• Construction Project Dispute Avoidance: An Ounce of Prevention is Worth a Pound of Cure
  • July 22, 2013 | Authors: John P. Giffune; A. Robert Ruesch
  • Law Firm: Verrill Dana LLP - Portland Office
  • The construction process is inherently risky. Project owners, contractors and designers grapple with the risk of non-payment, accidents, unanticipated conditions and other unforeseen circumstances. To deal with and mitigate these risks, parties draft and negotiate elaborate contracts, purchase insurance coverage and procurement payment and performance bonds. These risk allocation and mitigation methods seek to either pass the risk on to someone compensated to accept the risk (insurers and sureties) or to one who is in the best position to manage the risk.
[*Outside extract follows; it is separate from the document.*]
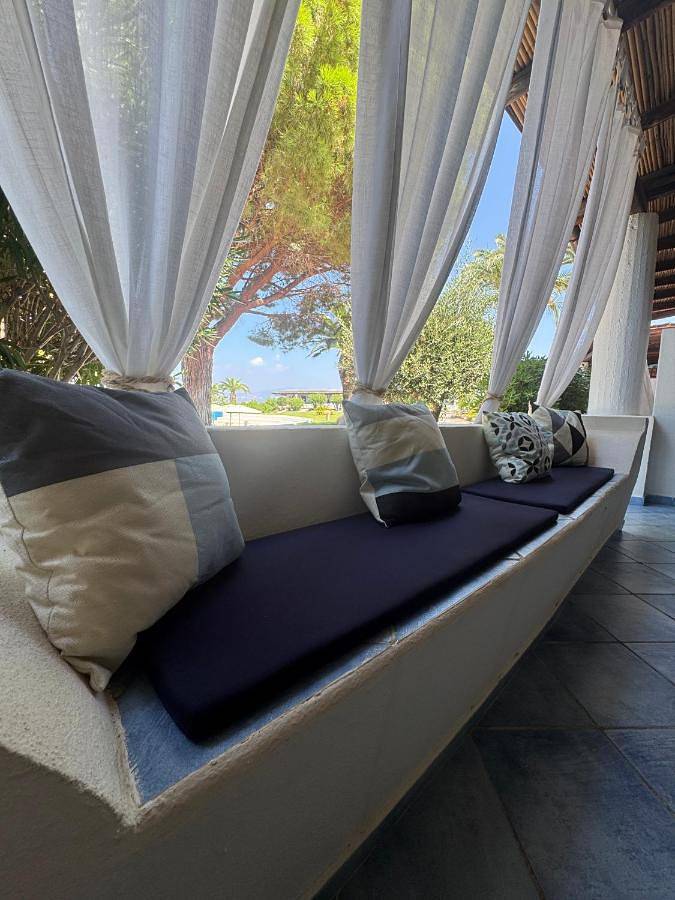 Appartamento per 4 persone, con terrazza e panorama nonché giardino e piscina in Vulcano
    Construction project participants frequently accept that disputes are part and parcel to construction projects, but parties spend little time thinking about what kinds of disputes might arise and how they can be resolved quickly. Disputes are risks that can have a direct effect on the success of a project no less than an unforeseen subsurface condition. And like those risks, the risk of disputes can be managed with proper planning, communication and attention to detail.
     
    Below are four (4) keys to successfully avoiding disputes or, where they arise, resolving them before they can threaten the success of a project. These steps require no specialized training or legal knowledge. You need to only bring to the table your discretion and good judgment.

    1. Do not avoid a budding dispute. Dispute avoidance is not the same as ignoring a dispute. As soon as it becomes clear that there is a disagreement, confront the problem head on. Obviously, some issues are not worth fighting over so be sure before you act that the issue at hand is truly important. If you conclude that it is, communicate early and often. No one likes to receive bad news, but bad news given when it is too late to fix the problem is infinitely worse.
    2. Document communications. Following up a conversation with an e-mail is an easy way to both make a record of what was discussed, but also remind the participants what they agreed to do and when. The simple existence of the written document means that the parties are more likely to follow through on their commitments. In addition, taking this simple step will help set everyone’s expectations which is key number three.
    3. Set realistic expectations. Whatever business we are engaged in, we make commitments every day that set others’ expectations. Setting expectations unrealistically high can be disastrous when we are unable to achieve what was promised. Disappointed expectations, even unreasonable expectations, invariably lead to disputes. Simply making clear what can be realistically achieved and providing regular information updating or revising the original projection will prevent many such disagreements.
    4. Be willing to compromise. We began by noting that not all issues are worth fighting over. It is also true that things change during the course of a construction project or during the life of a dispute. An issue that was crucial at one stage might prove to be less important later on. Be open-minded about giving a little here and there. All human relations require “give and take” and the crucible of a construction project is no exception. Cutting your adversary some slack will allow him or her to return the favor later on. The relationship cannot help but be improved as a result.

    Sometimes, despite your best efforts, you will find yourself in a real dispute that you cannot avoid without the formal dispute resolution provisions in your contract. You will know when that time has come. In that case, you and your attorney will be in a better position for having followed steps one through four above.